_Work to complete_:
Look in the material below for the line holding "Apartment Ab - Via Cervellati 3". Set it down exactly, with each later line up to and including the line holding "37 - Beneden".

_Given records_:
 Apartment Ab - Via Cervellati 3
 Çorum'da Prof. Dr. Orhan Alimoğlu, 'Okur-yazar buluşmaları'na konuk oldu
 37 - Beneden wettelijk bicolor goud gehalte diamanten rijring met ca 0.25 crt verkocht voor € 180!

...

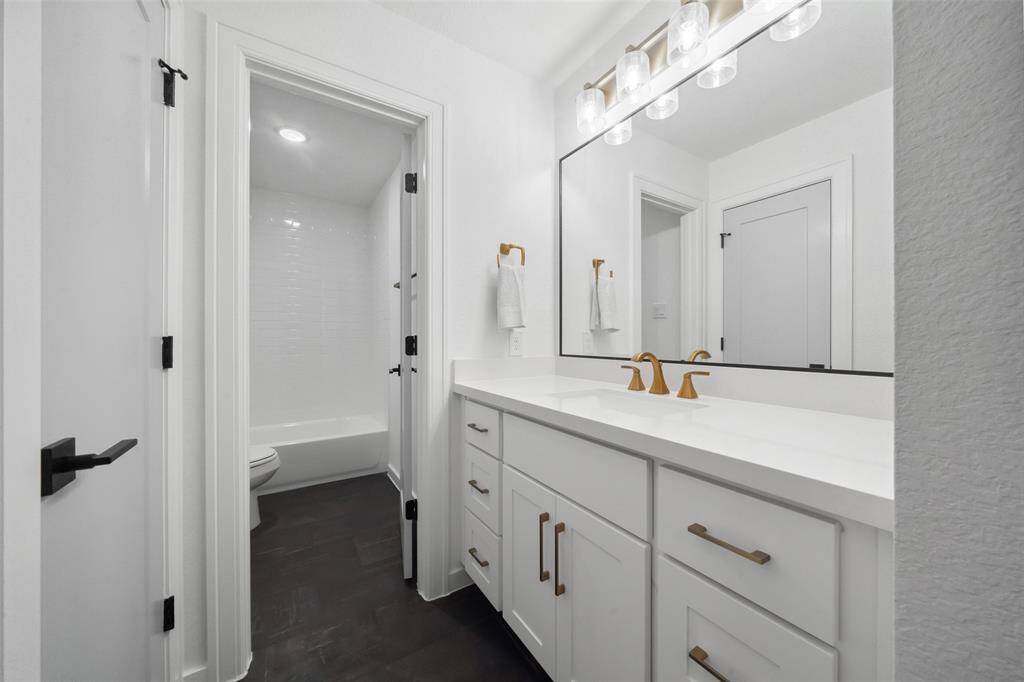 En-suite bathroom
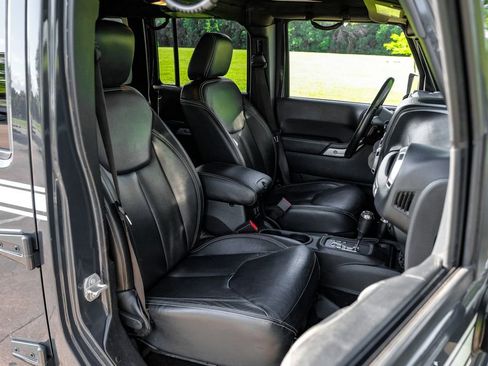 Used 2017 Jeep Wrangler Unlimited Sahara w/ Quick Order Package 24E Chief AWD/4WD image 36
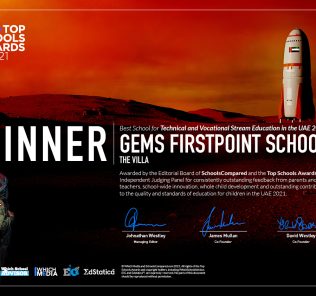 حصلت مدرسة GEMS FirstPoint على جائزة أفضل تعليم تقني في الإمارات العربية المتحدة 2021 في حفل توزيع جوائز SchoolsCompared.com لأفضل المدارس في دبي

_Exercise solution_:
 Apartment Ab - Via Cervellati 3
 Çorum'da Prof. Dr. Orhan Alimoğlu, 'Okur-yazar buluşmaları'na konuk oldu
 37 - Beneden wettelijk bicolor goud gehalte diamanten rijring met ca 0.25 crt verkocht voor € 180!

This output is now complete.